Internal Revenue Code Section 877(e)(2) just means that if you were a “lawful permanent resident” (translation: you had that visa status, and we colloquially refer to this visa as a green card), and if you had it long enough, then you are a “long-term resident.”
Just to follow the logic thread to its conclusion, here is how we know what a “lawful permanent resident” means. For exit tax purposes, this phrase has the same meaning as given in Internal Revenue Code Section 7701(b)(6). [See Internal Revenue Code Section 877A(g)(2)(B); see also Notice 2009-85, 2009-2 C.B. 598, Section 2(A).]
The definition of lawful permanent resident at Internal Revenue Code Section 7701(b)(6) is:
(A) such individual has the status of having been lawfully accorded the privilege of residing permanently in the United States as an immigrant in accordance with the immigration laws, and
(B) such status has not been revoked (and has not been administratively or judicially determined to have been abandoned).
The only kind of person who is “lawfully accorded the privilege of residing permanently in the United States as an immigrant” is someone with a green card.
OK. You know that if you have a green card, you’re a lawful permanent resident, and so now we turn to the question of how long you have had that visa status. Too long, and you’re subject to the exit tax.
The magic concept is “in” eight of the fifteen years ending with the expatriation year. And that “in” means “a moment in time”. This concept does not mean “a continuous period of time that counts up to 8 years of duration. You don’t start on April 1, 2007 and end on March 31, 2014. That’s not how it’s done.
You count the years by determining if you were a lawful permanent resident for at least a moment in time during a calendar year. Remember that a lawful permanent resident is someone who has had the visa status [Internal Revenue Code Section 7701(b)(6)(A)] and that visa status has not been revoked [Internal Revenue Code Section 7701(b)(6)(B)]. If the United States issued you a green card on December 30, 2007, then you held the lawful permanent resident status for two days during 2007, and that is one year toward the magic eight years that will qualify you for the exit tax.
This means that for people who immigrated to the United States and received their permanent resident visa in 2007, the calendar year 2014 is toxic. One day holding a green card in 2014 means you are subject to the exit tax rules.

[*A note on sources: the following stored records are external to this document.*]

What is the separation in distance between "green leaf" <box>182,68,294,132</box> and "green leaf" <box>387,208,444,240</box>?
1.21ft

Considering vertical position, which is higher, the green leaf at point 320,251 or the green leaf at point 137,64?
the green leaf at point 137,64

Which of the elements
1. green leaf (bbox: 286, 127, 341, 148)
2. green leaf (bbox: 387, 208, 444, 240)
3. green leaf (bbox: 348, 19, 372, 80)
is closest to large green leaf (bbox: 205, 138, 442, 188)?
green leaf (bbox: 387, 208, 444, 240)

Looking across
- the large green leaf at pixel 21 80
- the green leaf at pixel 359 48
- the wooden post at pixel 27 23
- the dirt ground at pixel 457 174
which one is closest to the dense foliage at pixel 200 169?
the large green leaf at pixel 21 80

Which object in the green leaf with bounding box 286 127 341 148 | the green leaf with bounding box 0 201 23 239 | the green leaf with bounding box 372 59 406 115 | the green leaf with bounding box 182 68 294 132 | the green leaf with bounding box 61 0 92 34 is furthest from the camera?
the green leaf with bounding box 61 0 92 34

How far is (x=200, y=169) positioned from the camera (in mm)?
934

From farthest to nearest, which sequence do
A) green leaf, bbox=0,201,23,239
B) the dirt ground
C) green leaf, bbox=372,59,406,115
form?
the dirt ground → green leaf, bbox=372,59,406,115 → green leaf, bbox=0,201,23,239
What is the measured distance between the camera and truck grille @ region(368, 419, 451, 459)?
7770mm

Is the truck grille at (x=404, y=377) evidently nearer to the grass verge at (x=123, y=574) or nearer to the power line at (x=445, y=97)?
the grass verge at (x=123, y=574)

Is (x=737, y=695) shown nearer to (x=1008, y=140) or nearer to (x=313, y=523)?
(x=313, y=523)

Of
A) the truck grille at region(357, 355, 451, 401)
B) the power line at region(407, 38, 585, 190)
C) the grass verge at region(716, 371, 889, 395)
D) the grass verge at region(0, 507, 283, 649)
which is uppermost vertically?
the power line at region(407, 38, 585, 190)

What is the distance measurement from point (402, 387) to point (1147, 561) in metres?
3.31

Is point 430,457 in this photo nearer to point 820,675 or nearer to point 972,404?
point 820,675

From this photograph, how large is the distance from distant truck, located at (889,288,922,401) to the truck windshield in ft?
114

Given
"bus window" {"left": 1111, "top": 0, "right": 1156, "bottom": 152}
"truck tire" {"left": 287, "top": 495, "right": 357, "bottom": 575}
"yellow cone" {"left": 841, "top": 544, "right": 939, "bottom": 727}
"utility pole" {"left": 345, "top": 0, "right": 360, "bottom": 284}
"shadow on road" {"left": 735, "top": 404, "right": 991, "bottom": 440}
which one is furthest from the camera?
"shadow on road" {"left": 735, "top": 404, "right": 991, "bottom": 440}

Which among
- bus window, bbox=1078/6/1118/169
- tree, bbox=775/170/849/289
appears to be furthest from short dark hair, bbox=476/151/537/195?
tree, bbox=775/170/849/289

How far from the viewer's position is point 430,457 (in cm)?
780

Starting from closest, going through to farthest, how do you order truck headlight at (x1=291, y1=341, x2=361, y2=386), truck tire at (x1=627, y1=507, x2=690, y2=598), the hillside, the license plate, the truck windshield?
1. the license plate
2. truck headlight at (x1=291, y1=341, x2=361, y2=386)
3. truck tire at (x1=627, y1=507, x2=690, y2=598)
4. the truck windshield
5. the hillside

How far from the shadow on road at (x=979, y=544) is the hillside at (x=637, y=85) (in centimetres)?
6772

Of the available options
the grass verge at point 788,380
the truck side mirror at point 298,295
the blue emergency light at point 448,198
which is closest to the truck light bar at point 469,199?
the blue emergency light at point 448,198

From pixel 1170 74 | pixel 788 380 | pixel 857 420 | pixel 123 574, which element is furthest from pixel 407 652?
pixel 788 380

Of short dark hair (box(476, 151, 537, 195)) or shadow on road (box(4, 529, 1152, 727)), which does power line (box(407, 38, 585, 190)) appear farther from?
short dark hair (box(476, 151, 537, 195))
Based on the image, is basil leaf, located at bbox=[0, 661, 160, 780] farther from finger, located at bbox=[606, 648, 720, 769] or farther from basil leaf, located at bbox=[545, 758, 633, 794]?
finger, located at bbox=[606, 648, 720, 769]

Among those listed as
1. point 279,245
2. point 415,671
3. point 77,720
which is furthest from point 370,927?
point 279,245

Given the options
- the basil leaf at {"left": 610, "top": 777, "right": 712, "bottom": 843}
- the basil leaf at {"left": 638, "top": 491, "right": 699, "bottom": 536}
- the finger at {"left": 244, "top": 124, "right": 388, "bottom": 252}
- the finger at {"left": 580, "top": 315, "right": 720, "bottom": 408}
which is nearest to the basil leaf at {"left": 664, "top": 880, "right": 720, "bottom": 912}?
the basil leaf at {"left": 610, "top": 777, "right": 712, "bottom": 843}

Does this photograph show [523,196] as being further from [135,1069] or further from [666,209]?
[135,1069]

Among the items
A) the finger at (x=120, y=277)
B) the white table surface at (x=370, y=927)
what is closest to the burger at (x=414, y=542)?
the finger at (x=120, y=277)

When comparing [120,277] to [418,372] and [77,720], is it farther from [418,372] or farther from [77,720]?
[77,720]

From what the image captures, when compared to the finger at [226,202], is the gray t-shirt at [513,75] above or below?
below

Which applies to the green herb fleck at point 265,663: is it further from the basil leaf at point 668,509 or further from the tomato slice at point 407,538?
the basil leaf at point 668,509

You have some thinking to do. If you wait, you risk a hefty tax penalty for leaving the United States.
And if you decide you want to terminate your green card, get on it early. Don’t think you have all the time in the world and you can waltz through the paperwork sometime between Christmas and Boxing Day. Too many pennies are on the track waiting to derail the train. Or something like that.
The point is — don’t procrastinate.
I will talk about this some other time, but the other idea to entertain is the idea of getting out of the United States, going to another country to live, and making an election under an income tax treaty to be treated as a resident of that country and a nonresident of the United States. If you do this right, then that year will not count as one of the eight years needed to qualify you as a “long-term resident” subjected to the exit tax.

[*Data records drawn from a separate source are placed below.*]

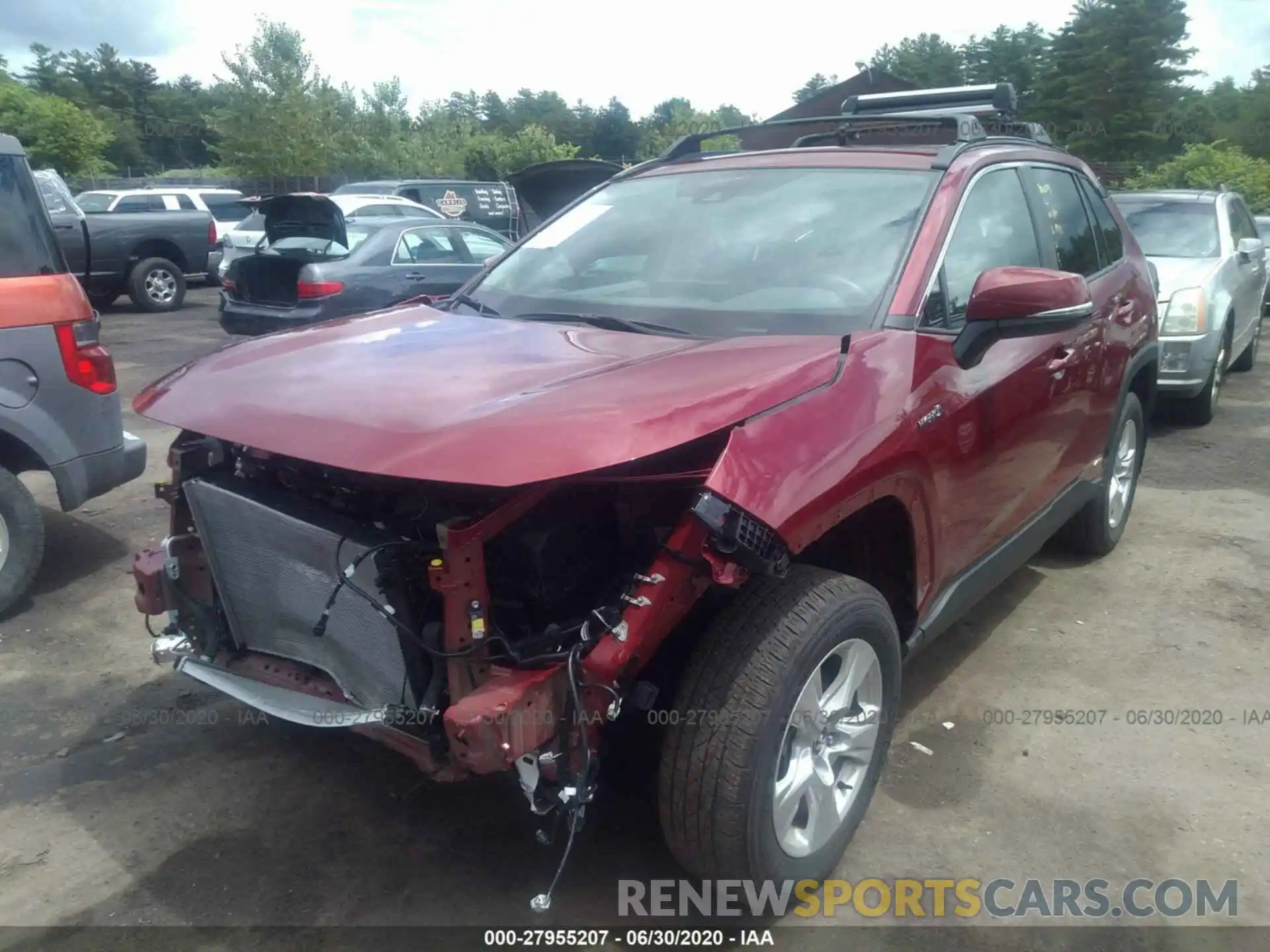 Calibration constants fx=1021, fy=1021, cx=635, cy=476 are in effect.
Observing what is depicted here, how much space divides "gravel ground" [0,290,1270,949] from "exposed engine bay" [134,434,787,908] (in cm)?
54

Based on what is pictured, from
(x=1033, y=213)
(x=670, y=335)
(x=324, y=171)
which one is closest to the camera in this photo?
(x=670, y=335)

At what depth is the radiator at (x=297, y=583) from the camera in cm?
237

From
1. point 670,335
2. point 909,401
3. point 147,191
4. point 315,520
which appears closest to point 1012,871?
point 909,401

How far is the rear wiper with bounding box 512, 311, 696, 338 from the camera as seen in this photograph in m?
3.00

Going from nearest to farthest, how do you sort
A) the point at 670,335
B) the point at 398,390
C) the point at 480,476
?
the point at 480,476 < the point at 398,390 < the point at 670,335

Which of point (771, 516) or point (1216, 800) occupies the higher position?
point (771, 516)

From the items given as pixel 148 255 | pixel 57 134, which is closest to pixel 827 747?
pixel 148 255

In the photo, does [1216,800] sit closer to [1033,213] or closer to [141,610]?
[1033,213]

This is tricky though. A green card holder who makes this tax election has signaled the U.S. visa and immigration bureaucrats with a clear indication of a desire not to be a permanent resident of the United States.
Don’t make a treaty election (if you are a green card holder) without considering the tax consequences carefully (if you do this wrong, the election to be treated as a nonresident can be an expatriation event all by itself), and without talking to your favorite immigration lawyer first.